With that said, I can appreciate the spirit that surrounds Inauguration Day, even if the person being inaugurated comes off as some sort of ruler as opposed to a Democratically elected leader.
Senator Lamar Alexander (R-TN) brilliantly captured the essence of what this day means for America.
"The American tradition of transferring or reaffirming immense power... we do this in a peaceful and orderly way," Alexander said. "There is no mob, no coup, no insurrection. This is a moment when millions stop and watch."
Indeed, the longtime peaceful transfer or reaffirmation of power is a uniquely American thing to behold. From the moment that General George Washington resigned as commander in chief of the Continental Army in 1783, peaceful transfer of power has reigned in the United States.
Sen.
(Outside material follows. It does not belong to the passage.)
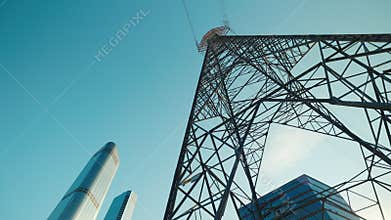 Tower with power transmission lines against office buildings under clear sky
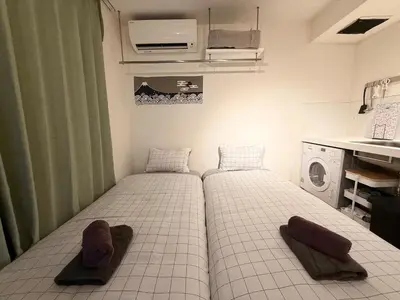 two beds in a small room with a washing machine at Shibuya Simplex 3F, sunlight and 2 beds in Tokyo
Alexander quoted George Washington in closing: "The peaceful transition of power is what will separate this country from every other country in the world."
Indeed. And it is that distinct difference which fostered my tremendous disgust towards certain political leftists who so freely threw around the word "dictator" when describing President George W. Bush. If those mental midgets had any conception of what a dictatorship really entailed, they might have been a little more judicious when they emitted their vapid screeds. That, and they would've also realized that dictators aren't typically known to respectfully pass over their reign to a successor, like Bush did to Barack Obama four years ago.
So even though it was not my preferred Presidential candidate being sworn in to the Presidency on Monday, I still take a tremendous amount of pride that I can participate in a system where my voice can be heard. I do not take that for granted, especially in light of the fact that the people of Iran, Cuba, Venezuela and North Korea can only dream of such a privilege.